Sir Albert Edward Chadwick, CMG, MSM (15 November 1897 – 27 October 1983) was an Australian rules footballer in the (then) Victorian Football League (VFL).

Early life
The son of Andrew Chadwick (1854-1906), and Georgina Ann Chadwick (1867-1948), née Prater, Albert Edward Chadwick was born at Beechworth, Victoria, on 15 November 1897.

He married Thelma Marea Crawley (1899-1979) in 1924. Their son, Robert Edward Chadwick (1927-1992) also played for the Melbourne First XVIII.

Education
He was educated at Tungamah State Primary School (No.2225).

Football
A tough centre half-back who ran hard and straight, he played the majority of his career with Melbourne Football Club, one season with the Prahran Football Club, and one season for Hawthorn Football Club.

Prahran (VFA)
Recruited by Prahran after a chance encounter with the Club's secretary, he made his debut, against North Melbourne, on 24 May 1919, and went on to play in 12 consecutive games for the Prahran First XVIII in 1919.

Melbourne (VFL)
Cleared from Prahran in 1920.

He was runner-up to Edward "Carji" Greeves in the inaugural Brownlow Medal in 1924: with one vote available per home-and-away game, and with Greeves and Chadwick both missing games when playing inter-state football for Victoria, Greeves scored seven votes (i.e., best-on-ground in seven matches) and Chadwick six.

Hawthorn (VFL)
He played for the Hawthorn First XVIII in 17 games (scoring 8 goals) in 1929.

Military service
Having added a year to his age, Chadwick enlisted in the First AIF on 12 February 1916, and went on to serve overseas with the Australian Flying Corps. He was Mentioned in Dispatches in January 1919. He returned to Australia on the HMAT Port Sydney in April 1919, and was awarded the Meritorious Service Medal in 1919.

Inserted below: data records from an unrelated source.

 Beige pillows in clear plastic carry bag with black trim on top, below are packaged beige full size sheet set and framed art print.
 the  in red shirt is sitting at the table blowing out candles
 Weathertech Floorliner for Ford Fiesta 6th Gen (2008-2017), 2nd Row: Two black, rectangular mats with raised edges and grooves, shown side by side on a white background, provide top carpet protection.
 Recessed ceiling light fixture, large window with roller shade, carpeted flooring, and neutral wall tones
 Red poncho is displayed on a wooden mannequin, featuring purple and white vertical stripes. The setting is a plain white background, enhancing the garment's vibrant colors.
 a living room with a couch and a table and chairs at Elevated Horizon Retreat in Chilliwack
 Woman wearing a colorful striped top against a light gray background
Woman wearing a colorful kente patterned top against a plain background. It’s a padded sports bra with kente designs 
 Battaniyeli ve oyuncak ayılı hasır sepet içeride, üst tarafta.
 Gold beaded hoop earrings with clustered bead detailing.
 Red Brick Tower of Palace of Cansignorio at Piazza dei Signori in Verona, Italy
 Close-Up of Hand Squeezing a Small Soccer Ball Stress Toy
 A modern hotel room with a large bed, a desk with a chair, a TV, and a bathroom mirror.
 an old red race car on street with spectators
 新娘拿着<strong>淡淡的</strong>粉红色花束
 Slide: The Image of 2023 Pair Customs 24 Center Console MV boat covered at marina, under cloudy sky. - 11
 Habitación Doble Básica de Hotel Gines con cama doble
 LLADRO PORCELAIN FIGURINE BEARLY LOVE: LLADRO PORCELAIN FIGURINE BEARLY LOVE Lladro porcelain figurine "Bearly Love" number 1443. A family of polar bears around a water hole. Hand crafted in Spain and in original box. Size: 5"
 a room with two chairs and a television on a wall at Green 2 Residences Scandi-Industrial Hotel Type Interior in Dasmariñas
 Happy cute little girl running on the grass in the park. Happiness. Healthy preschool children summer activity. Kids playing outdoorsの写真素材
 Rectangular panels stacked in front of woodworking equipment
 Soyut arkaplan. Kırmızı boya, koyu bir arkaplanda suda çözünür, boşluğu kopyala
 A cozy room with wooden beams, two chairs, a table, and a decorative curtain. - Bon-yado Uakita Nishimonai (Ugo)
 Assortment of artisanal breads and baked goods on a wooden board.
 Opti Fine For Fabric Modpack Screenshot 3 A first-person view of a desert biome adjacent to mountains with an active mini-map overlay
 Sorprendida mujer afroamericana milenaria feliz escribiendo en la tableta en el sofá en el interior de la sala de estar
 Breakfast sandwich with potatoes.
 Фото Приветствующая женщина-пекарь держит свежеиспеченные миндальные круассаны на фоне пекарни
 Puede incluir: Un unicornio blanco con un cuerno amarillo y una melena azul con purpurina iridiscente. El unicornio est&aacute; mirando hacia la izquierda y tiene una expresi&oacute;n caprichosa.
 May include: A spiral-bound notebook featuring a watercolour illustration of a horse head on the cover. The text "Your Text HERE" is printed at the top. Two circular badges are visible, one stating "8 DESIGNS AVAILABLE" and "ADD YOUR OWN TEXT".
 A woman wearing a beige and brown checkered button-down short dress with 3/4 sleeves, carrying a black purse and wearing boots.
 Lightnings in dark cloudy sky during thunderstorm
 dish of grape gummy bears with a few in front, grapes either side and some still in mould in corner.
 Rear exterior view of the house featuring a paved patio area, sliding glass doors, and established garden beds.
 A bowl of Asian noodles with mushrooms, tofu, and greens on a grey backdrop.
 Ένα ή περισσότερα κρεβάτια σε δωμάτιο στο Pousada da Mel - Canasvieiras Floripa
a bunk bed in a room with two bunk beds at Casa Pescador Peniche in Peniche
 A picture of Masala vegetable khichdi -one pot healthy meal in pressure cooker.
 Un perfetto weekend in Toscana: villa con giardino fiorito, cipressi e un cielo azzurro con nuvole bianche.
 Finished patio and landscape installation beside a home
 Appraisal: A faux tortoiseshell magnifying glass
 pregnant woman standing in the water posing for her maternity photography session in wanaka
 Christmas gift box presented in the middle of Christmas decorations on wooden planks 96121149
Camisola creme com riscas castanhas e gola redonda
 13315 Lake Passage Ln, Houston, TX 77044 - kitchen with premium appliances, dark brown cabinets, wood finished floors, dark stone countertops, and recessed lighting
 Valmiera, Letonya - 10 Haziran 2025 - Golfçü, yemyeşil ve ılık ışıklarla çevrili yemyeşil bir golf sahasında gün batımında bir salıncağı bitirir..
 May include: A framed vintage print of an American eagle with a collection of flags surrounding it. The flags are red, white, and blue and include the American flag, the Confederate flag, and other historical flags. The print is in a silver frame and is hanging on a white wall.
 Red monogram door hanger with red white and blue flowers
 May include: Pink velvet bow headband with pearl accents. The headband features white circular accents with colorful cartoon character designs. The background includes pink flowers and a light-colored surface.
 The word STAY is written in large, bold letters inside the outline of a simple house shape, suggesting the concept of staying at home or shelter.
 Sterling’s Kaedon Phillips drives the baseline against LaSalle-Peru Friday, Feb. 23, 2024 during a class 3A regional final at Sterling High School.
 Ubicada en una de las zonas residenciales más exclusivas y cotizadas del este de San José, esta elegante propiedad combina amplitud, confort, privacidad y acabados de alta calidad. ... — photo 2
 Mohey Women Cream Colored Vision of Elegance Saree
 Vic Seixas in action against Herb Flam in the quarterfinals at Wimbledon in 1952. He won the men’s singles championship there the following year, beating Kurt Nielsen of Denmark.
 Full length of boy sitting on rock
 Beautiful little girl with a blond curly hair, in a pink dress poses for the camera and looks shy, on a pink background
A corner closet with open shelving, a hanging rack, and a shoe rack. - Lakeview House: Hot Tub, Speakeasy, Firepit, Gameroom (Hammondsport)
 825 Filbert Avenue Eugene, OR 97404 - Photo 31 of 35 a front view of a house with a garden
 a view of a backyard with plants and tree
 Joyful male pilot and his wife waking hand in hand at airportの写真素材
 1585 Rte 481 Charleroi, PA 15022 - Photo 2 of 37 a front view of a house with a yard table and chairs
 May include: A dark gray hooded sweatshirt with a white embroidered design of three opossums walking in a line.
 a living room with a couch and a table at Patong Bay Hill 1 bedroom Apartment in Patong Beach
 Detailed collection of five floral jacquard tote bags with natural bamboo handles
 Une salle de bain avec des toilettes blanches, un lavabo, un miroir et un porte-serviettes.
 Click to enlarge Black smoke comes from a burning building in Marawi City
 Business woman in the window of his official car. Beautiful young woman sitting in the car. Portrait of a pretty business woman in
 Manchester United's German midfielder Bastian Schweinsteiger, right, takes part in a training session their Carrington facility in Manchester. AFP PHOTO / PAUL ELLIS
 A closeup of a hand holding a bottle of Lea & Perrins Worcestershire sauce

During World War II, Chadwick served in the Royal Australian Air Force. He was discharged on 6 July 1945 in the rank of Wing Commander, having held the acting rank of Group Captain while serving as the RAAF's Director of Recruiting, a position which he held from 1942.

After Football
Chadwick was Chairman of the Gas and Fuel Corporation of Victoria, the Melbourne Cricket Club president from 1965–1979, and the Melbourne Football Club president from 1950–1962.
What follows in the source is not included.